Managed ASP Web Hosts?

maumedia asks: "I'm hoping someone can help me here, as I'm nearing frantic on this issue. I need a good Windows/ASP managed host -- a company that will manage/troubleshoot a dedicated server for us. My research has turned up either shared hosts, or dedicated hosts, and not very much in-between. If we're not ready to hire a sysadmin and pay for our own backbone, but we've outgrown the massively-shared hosting system, where can we go? I'm really hoping for an answer that doesn't involve a move to PHP/Linux, as it makes much more sense to us to utilize the resources we have at hand."

3 of 79 comments (clear)

  1. Re:ASP on Linux by Billly+Gates · · Score: 0, Flamebait

    Not to start a flamewar but .NET was designed for vendor lockin as a solution to Microsoft's threat with Java Enterprise edition.

    Mono is still alpha depending on which libraries you use. Does it even support winforms yet? .Net 2.0 is coming with VS.net 2005 and Mono has still not caught up with VS.net 2003.

    C#.net is a great technology. Especially if your an MS shop that needs MS integration with win32 apps for your intranet servers.

    But cross platform it is not and its a MS technology just like win32 is, though you can have limited success with wine.

    Just use Windows. If the server is cracked its the ISP's problem. Not yours if you outsource the server.

  2. Re:Good Luck by Planesdragon · · Score: 0, Flamebait

    Not to be a negative Nancy but since Apache is 70% of the market

    Apache is 0% of the market. IE, Firefox, and their peers are. When you sell webhosting you aren't selling a product -- you're selling space on mall, and virtually no one cares if you use FedEx or UPS to get your books to your store, so long as they're in English (HTML) when they get them.

    In contrast, if you write for Linux, you CANNOT just give your app to Windows users and have them get as much out of it as Linux users. (While if you write for Firefox / Apache, you CAN get the IE user to pick it up and use it. Same for most IE / IIS / ASP pages going to FIrefox.)

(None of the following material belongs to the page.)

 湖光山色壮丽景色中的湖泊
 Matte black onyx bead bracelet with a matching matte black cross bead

  3. Re:Good Luck by toadlife · · Score: 0, Flamebait

    "...the fact still remains that Apache is far better, far faster and far more secure than Microsoft has ever been... which is why they have always had the market."

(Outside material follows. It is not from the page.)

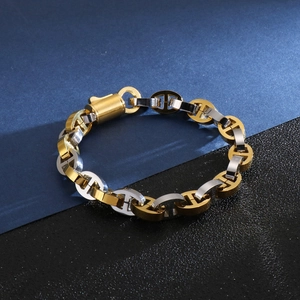 Men's hip hop geometric chain bracelet in gold and silver stainless steel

    Better? What exactly do you mean by "better"?

    Faster? Perhaps, but by who's measure? I've never seen a useful (yes, Microsoft's don't count as useful) Apache/IIS performance comparison.

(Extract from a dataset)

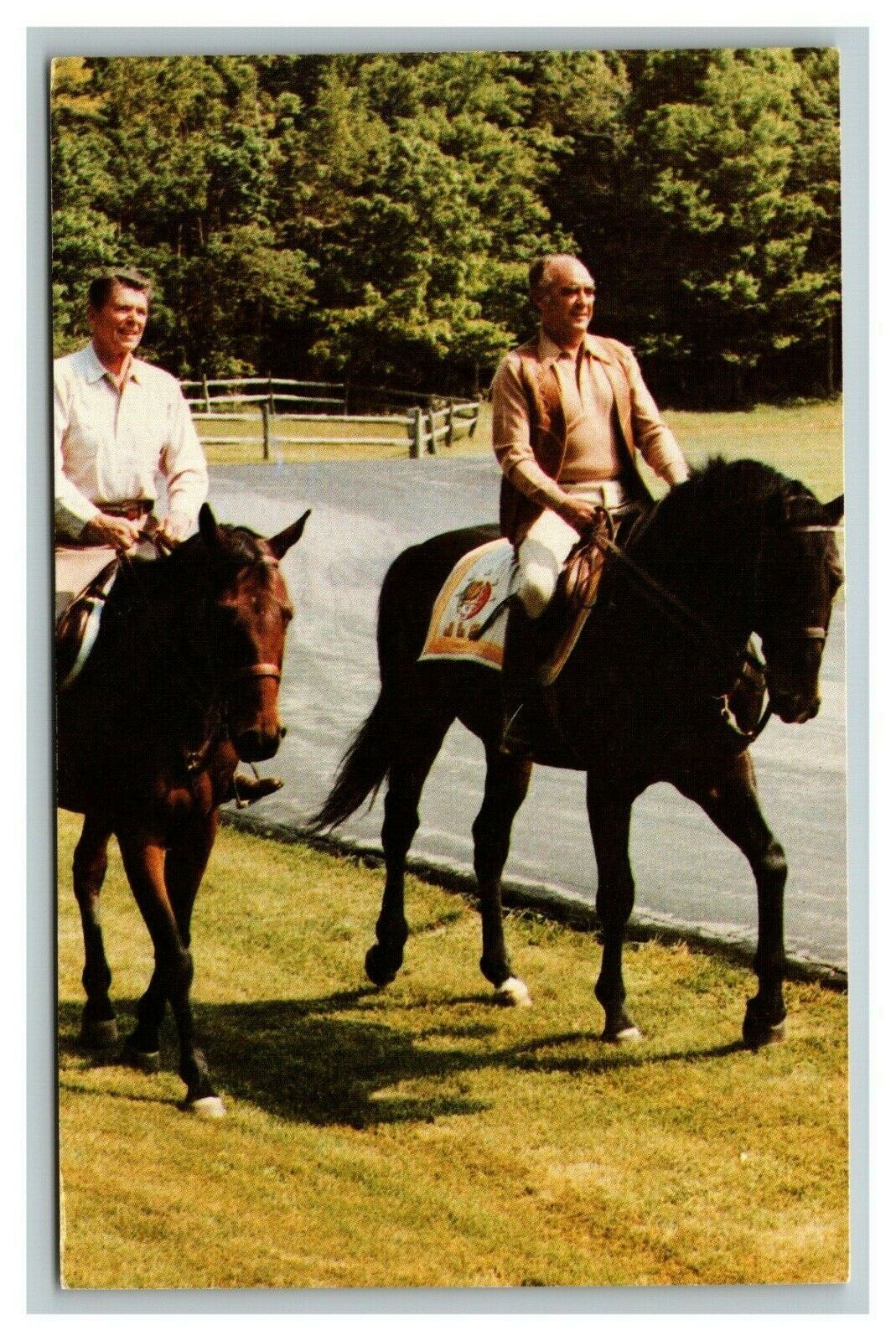 Vintage 1981 Postcard President Ronald Reagan with Mexico President on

    More secure? Why do you think that? IIS6 has never had a critical vulnerability discovered for it. In the same time frame you can't say that for Apache 1.x and 2.x.

    Since you claim that your assertions are "facts", I can only hope that you've got some "facts" to back it up, right?

    --
    I don't always use unix-like operating systems; but when I do, I prefer FreeBSD.